-- Data records follows --

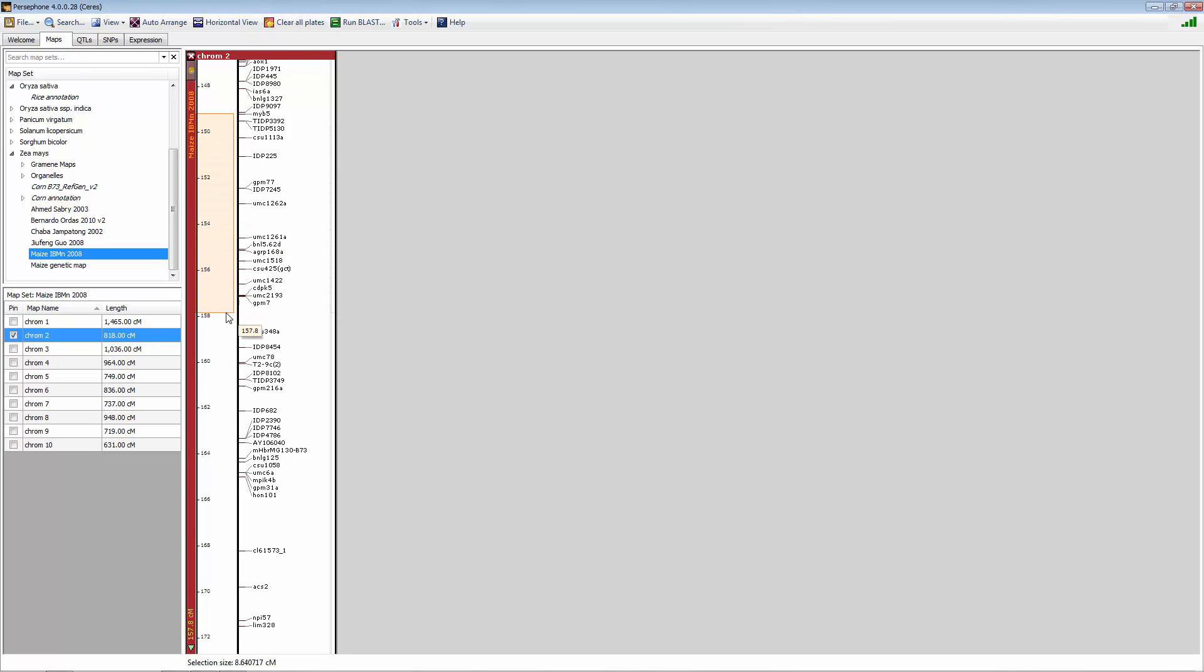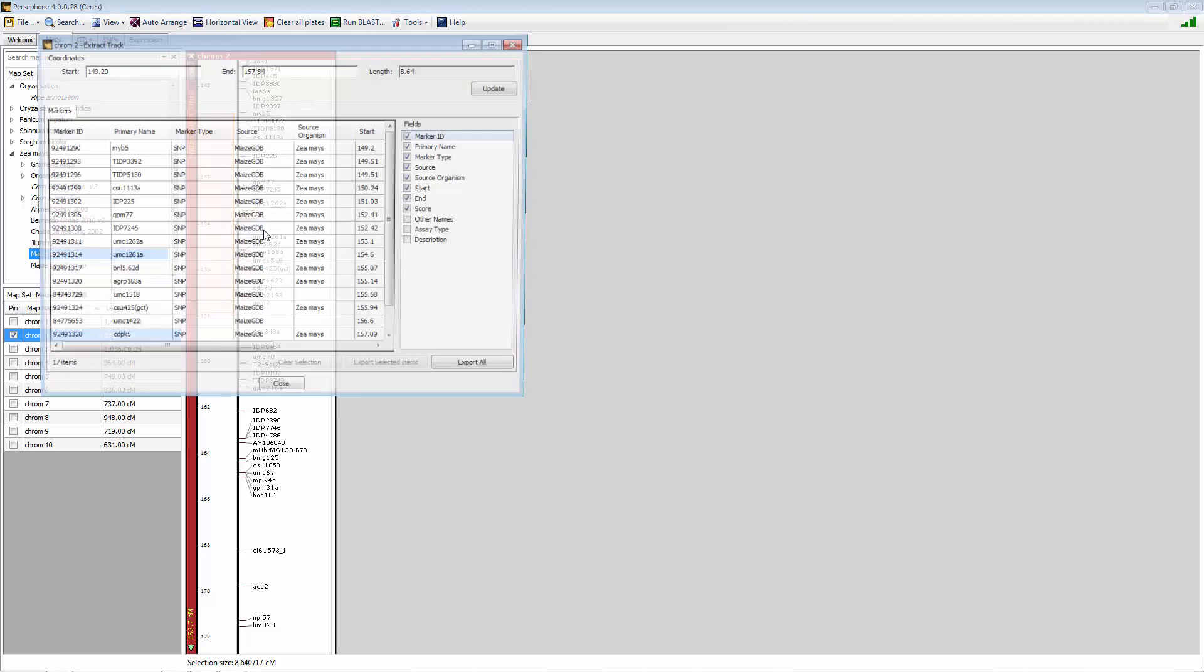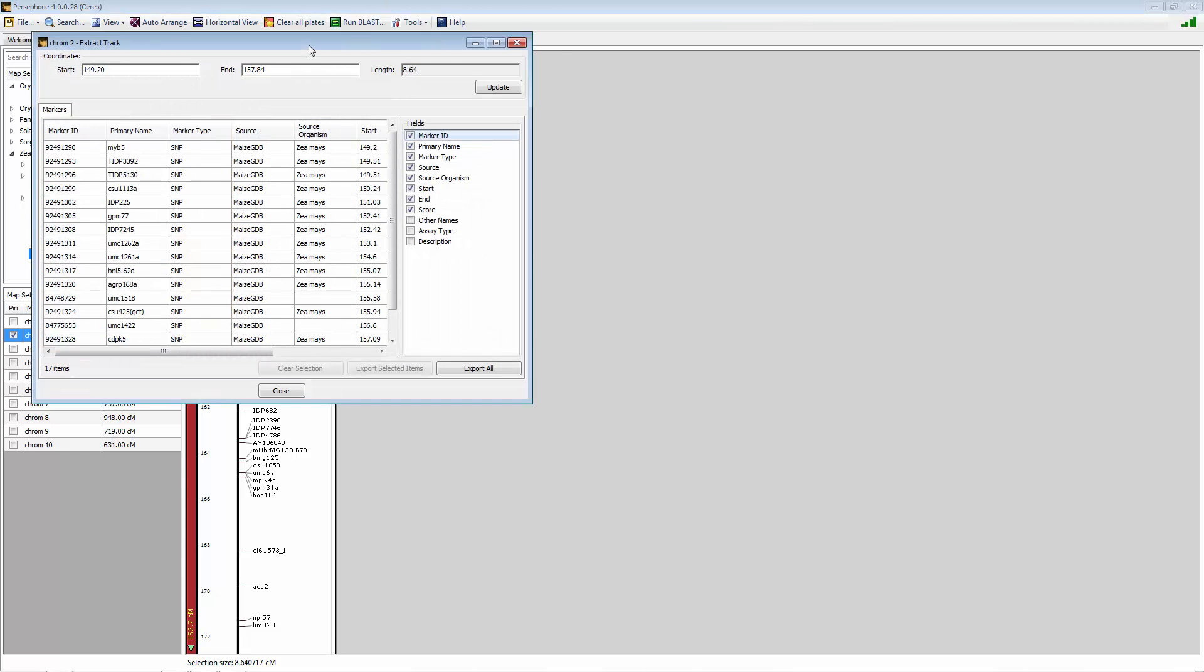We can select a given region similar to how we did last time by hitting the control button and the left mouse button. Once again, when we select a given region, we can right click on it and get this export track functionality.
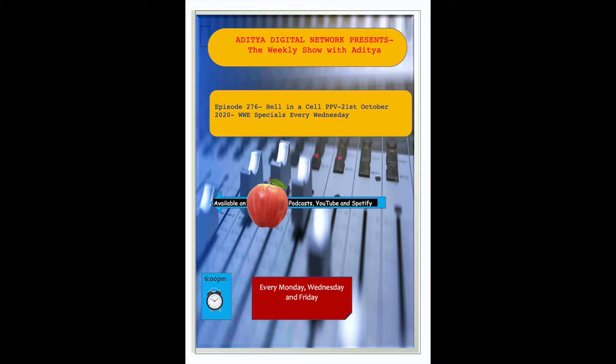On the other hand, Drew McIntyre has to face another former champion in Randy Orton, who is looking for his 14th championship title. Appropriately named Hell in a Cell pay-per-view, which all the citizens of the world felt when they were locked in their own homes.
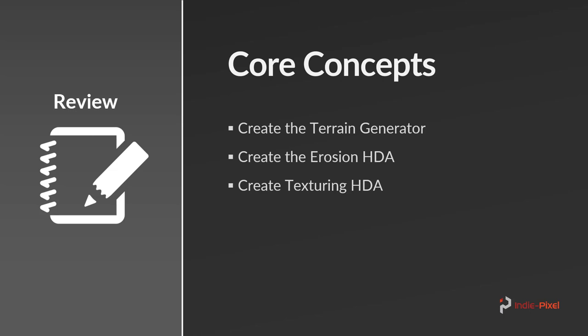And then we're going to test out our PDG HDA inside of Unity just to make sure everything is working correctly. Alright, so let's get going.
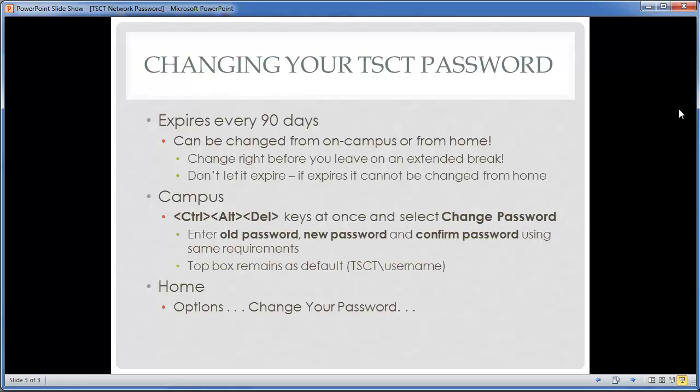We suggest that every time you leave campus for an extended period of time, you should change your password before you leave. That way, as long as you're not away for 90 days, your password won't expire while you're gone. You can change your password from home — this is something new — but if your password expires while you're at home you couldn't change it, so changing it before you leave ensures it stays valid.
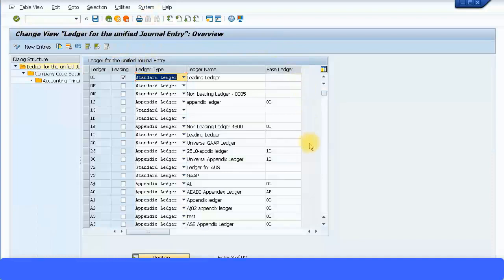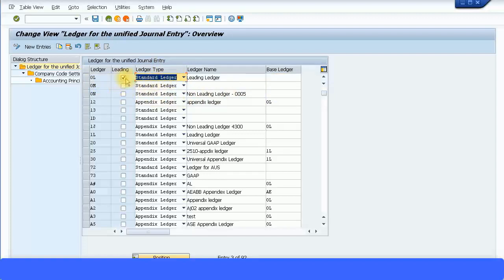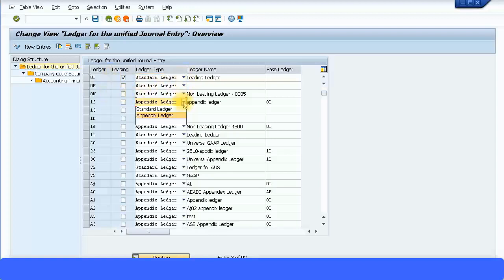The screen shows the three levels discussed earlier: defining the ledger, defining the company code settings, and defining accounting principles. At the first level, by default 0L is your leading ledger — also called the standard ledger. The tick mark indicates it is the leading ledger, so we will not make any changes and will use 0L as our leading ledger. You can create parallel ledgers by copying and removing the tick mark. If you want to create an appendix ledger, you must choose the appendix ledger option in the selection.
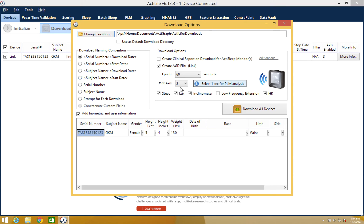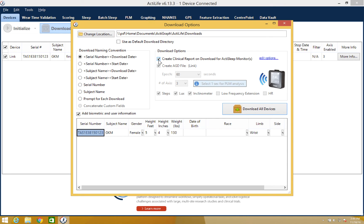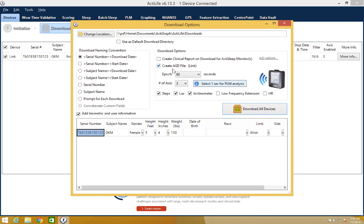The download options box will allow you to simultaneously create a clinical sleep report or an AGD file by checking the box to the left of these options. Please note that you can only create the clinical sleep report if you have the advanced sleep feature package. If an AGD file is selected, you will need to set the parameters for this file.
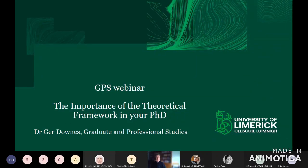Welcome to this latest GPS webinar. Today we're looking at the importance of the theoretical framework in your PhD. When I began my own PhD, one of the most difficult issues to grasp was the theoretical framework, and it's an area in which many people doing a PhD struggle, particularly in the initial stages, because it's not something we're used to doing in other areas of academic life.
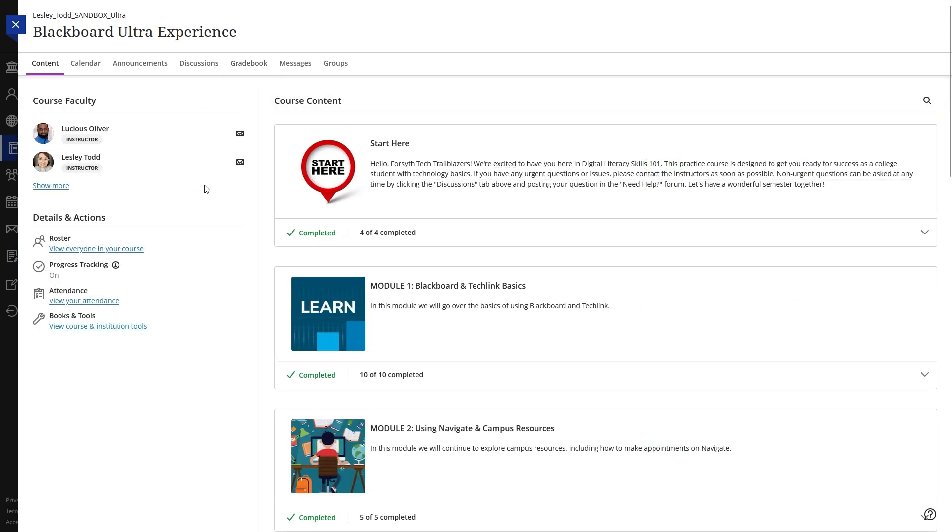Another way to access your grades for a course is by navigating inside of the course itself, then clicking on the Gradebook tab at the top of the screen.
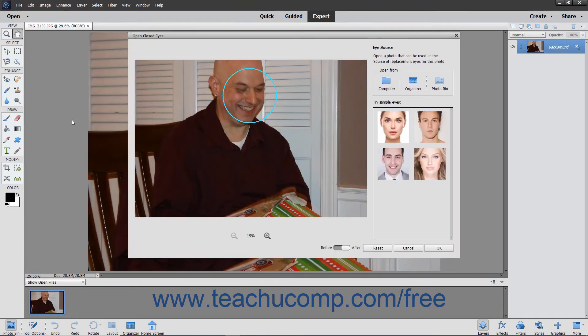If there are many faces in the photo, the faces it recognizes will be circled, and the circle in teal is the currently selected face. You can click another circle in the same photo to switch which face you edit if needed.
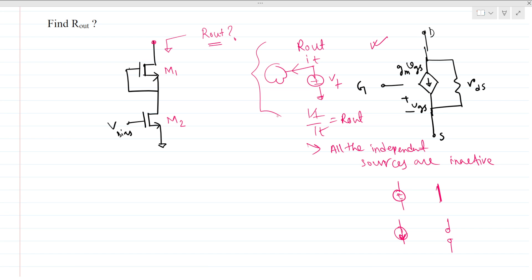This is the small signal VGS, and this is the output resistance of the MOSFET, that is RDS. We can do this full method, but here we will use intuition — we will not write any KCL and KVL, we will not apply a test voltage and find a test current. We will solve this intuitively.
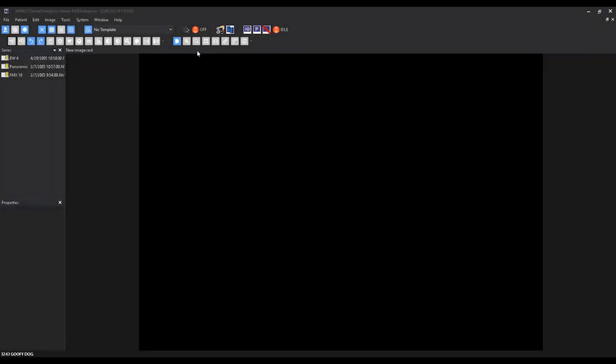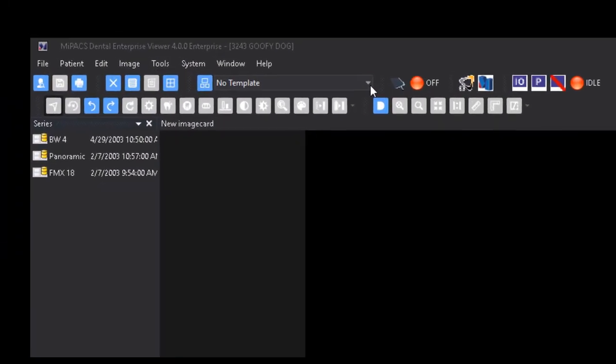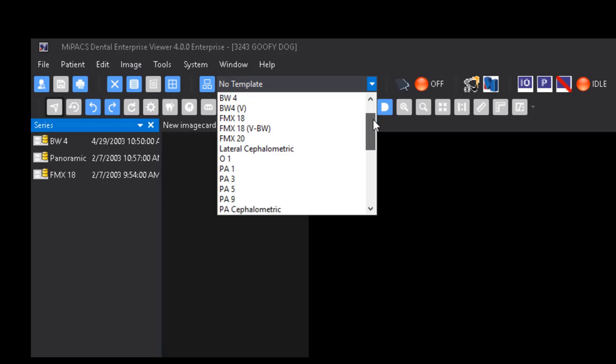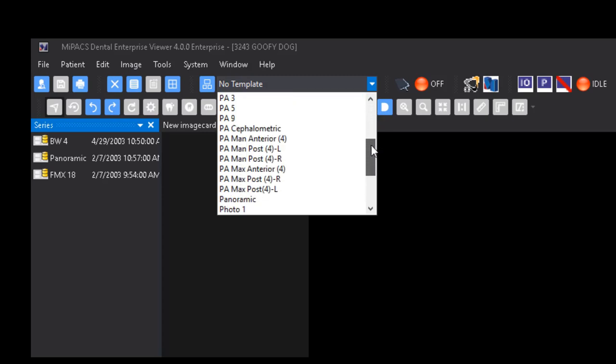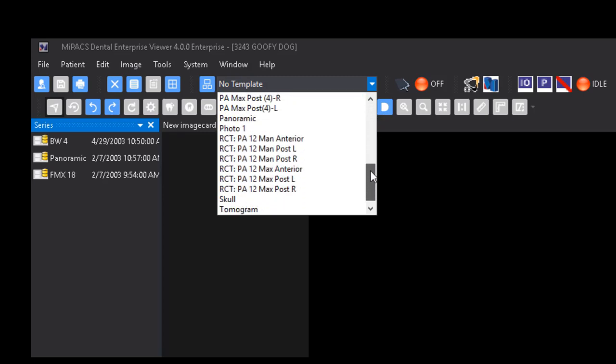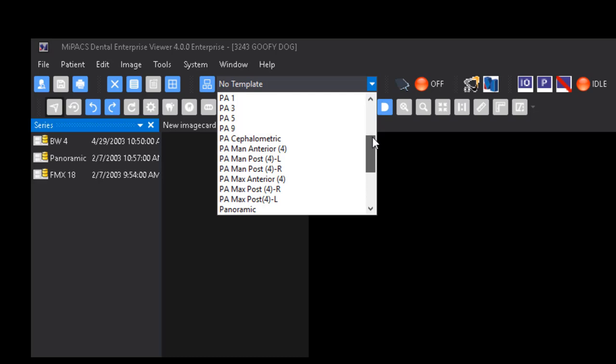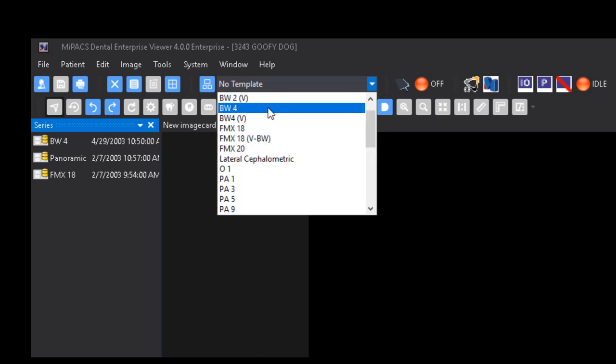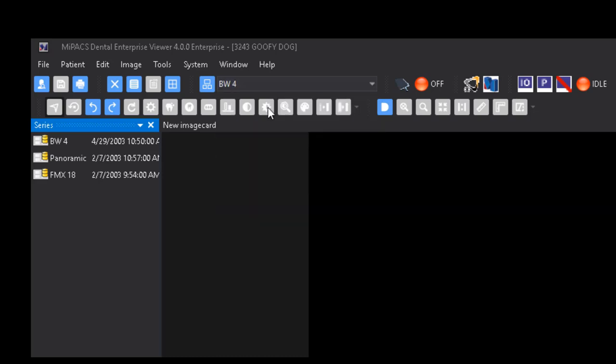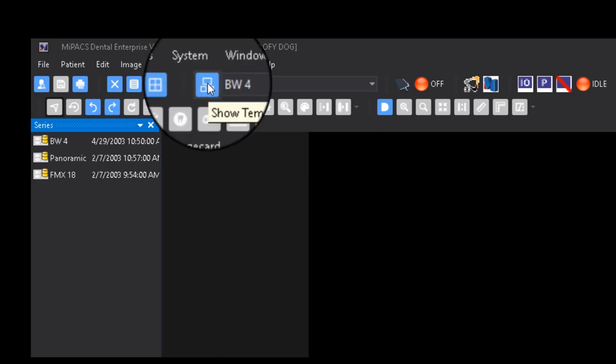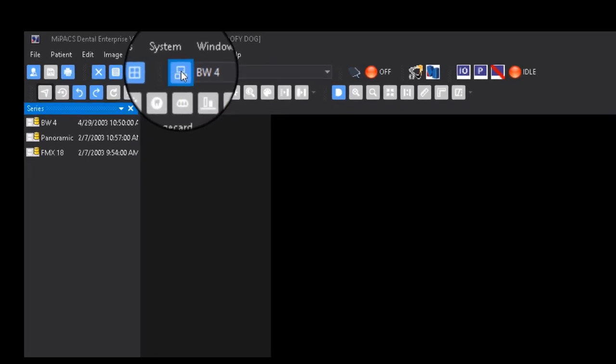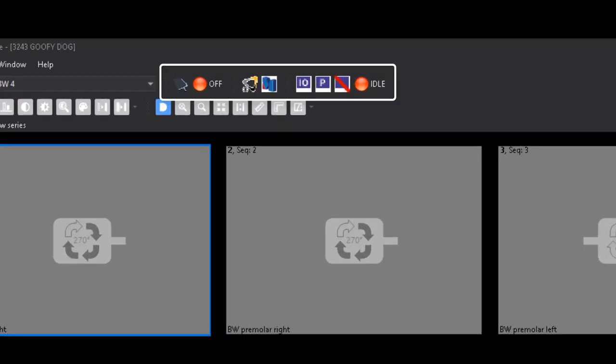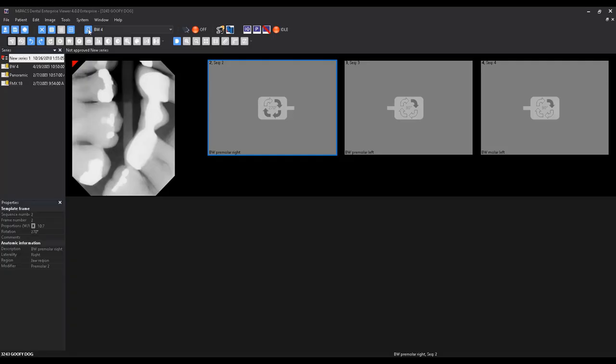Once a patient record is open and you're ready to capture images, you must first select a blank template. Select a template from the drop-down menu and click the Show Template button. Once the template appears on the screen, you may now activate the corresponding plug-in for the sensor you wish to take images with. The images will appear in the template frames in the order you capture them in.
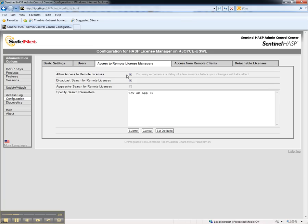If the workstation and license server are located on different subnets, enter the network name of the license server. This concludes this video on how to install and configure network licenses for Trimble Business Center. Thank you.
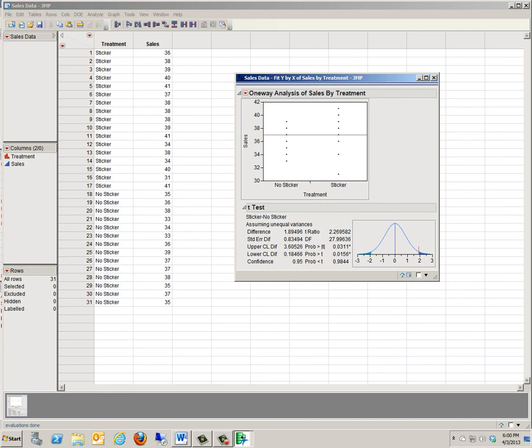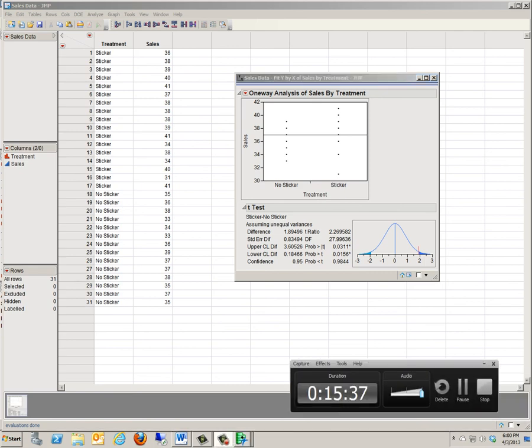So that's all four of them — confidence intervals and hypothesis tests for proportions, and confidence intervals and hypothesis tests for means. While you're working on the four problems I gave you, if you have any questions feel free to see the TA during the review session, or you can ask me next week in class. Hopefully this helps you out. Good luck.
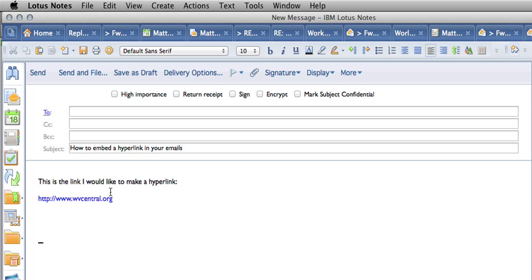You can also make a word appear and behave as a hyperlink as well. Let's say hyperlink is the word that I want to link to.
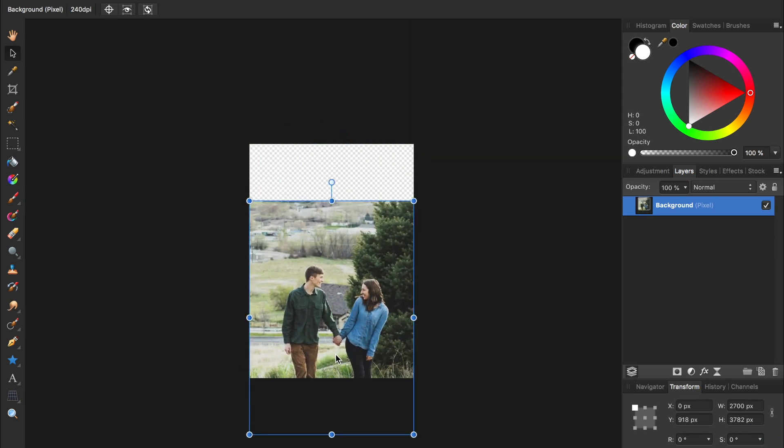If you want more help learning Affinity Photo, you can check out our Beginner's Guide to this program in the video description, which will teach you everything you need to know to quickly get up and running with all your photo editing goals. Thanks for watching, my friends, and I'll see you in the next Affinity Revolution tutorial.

-- Data records concluded --

Apart from the pictures, restate all of the listing above exactly.

_Solution to the exercise_
We can select a given region similar to how we did last time by hitting the control button and the left mouse button. Once again, when we select a given region, we can right click on it and get this export track functionality.
On the other hand, Drew McIntyre has to face another former champion in Randy Orton, who is looking for his 14th championship title. Appropriately named Hell in a Cell pay-per-view, which all the citizens of the world felt when they were locked in their own homes.
And then we're going to test out our PDG HDA inside of Unity just to make sure everything is working correctly. Alright, so let's get going.
We suggest that every time you leave campus for an extended period of time, you should change your password before you leave. That way, as long as you're not away for 90 days, your password won't expire while you're gone. You can change your password from home — this is something new — but if your password expires while you're at home you couldn't change it, so changing it before you leave ensures it stays valid.
The screen shows the three levels discussed earlier: defining the ledger, defining the company code settings, and defining accounting principles. At the first level, by default 0L is your leading ledger — also called the standard ledger. The tick mark indicates it is the leading ledger, so we will not make any changes and will use 0L as our leading ledger. You can create parallel ledgers by copying and removing the tick mark. If you want to create an appendix ledger, you must choose the appendix ledger option in the selection.
The download options box will allow you to simultaneously create a clinical sleep report or an AGD file by checking the box to the left of these options. Please note that you can only create the clinical sleep report if you have the advanced sleep feature package. If an AGD file is selected, you will need to set the parameters for this file.
Welcome to this latest GPS webinar. Today we're looking at the importance of the theoretical framework in your PhD. When I began my own PhD, one of the most difficult issues to grasp was the theoretical framework, and it's an area in which many people doing a PhD struggle, particularly in the initial stages, because it's not something we're used to doing in other areas of academic life.
Another way to access your grades for a course is by navigating inside of the course itself, then clicking on the Gradebook tab at the top of the screen.
If there are many faces in the photo, the faces it recognizes will be circled, and the circle in teal is the currently selected face. You can click another circle in the same photo to switch which face you edit if needed.
This is the small signal VGS, and this is the output resistance of the MOSFET, that is RDS. We can do this full method, but here we will use intuition — we will not write any KCL and KVL, we will not apply a test voltage and find a test current. We will solve this intuitively.
Once a patient record is open and you're ready to capture images, you must first select a blank template. Select a template from the drop-down menu and click the Show Template button. Once the template appears on the screen, you may now activate the corresponding plug-in for the sensor you wish to take images with. The images will appear in the template frames in the order you capture them in.
If the workstation and license server are located on different subnets, enter the network name of the license server. This concludes this video on how to install and configure network licenses for Trimble Business Center. Thank you.
So that's all four of them — confidence intervals and hypothesis tests for proportions, and confidence intervals and hypothesis tests for means. While you're working on the four problems I gave you, if you have any questions feel free to see the TA during the review session, or you can ask me next week in class. Hopefully this helps you out. Good luck.
You can also make a word appear and behave as a hyperlink as well. Let's say hyperlink is the word that I want to link to.
If you want more help learning Affinity Photo, you can check out our Beginner's Guide to this program in the video description, which will teach you everything you need to know to quickly get up and running with all your photo editing goals. Thanks for watching, my friends, and I'll see you in the next Affinity Revolution tutorial.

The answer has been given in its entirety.